Each phase of Sect. 4 can be evaluated separately. The proposed technique of Sect. 4.1 will be compared with existing embedding techniques, to show the advantages. A comparison using the prior knowledge directly and the technique proposed in Sect. 4.2 will reveal the benefits of fusing semantics with ML for RCA. At last, evaluation of models using the original rule sets and the technique proposed in Sect. 4.3 will be made to determine their adaptiveness and scalability. All this will be done using standardised benchmark RDF datasets used for classification purposes in [15], but adapted here to detect the minority classes as anomalies. The functioning of the full system will be tested using two different proof of concepts:

  • Pervasive Healthcare: In the eHealth domain, the available data from intelligent devices and sensors correlate to prior knowledge. Profile information of the patients can improve the detection of anomalies. The imec SWEET studyFootnote 1 is such a case were stress analyses with sensor data can be improved by incorporating additional context. Data will be used during this research containing both raw sensor data available from wearables and context parameters based on the person’s habits.

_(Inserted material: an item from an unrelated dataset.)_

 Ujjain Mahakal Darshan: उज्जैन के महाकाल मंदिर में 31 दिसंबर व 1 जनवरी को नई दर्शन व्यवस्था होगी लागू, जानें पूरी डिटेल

  • Transport and maintenance: In the transport and ventilation sector, many devices are equipped with different types of sensors, investigating the onboard electronics and engines [9]. TelevicFootnote 2 is such a partner in the railway domain, utilising a high number of sensors on trains which produce floats of data for further analysis. RensonFootnote 3 controls the airflow of many households, based on sensor observations per room. Several contextual parameters, such as the weather, influence the measures. To reduce these unwanted alerts, this prior knowledge must be fused with the available sensor data.

6 Conclusions

In this proposed research, techniques will be developed for improved AD and RCA in a sensor stream environment. While current techniques only focus on the data themselves, the proposed methods will incorporate prior knowledge to reduce the number of false positive and negatives. Analysing the cause of an anomaly will be possible with the design of an interpretable embedding technique. At last, adaptiveness with less human involvement can be achieved in data streams by automatic derivation of learning rules from already existing models. The full system will be evaluated with two use cases for two different domains. I would like to thank my promotors prof. dr. ir. Filip De Turck and dr. Femke Ongeae for their support and valuable input in the realisation of this work. I would also like to thank Televic, Renson and imec for participating in this research.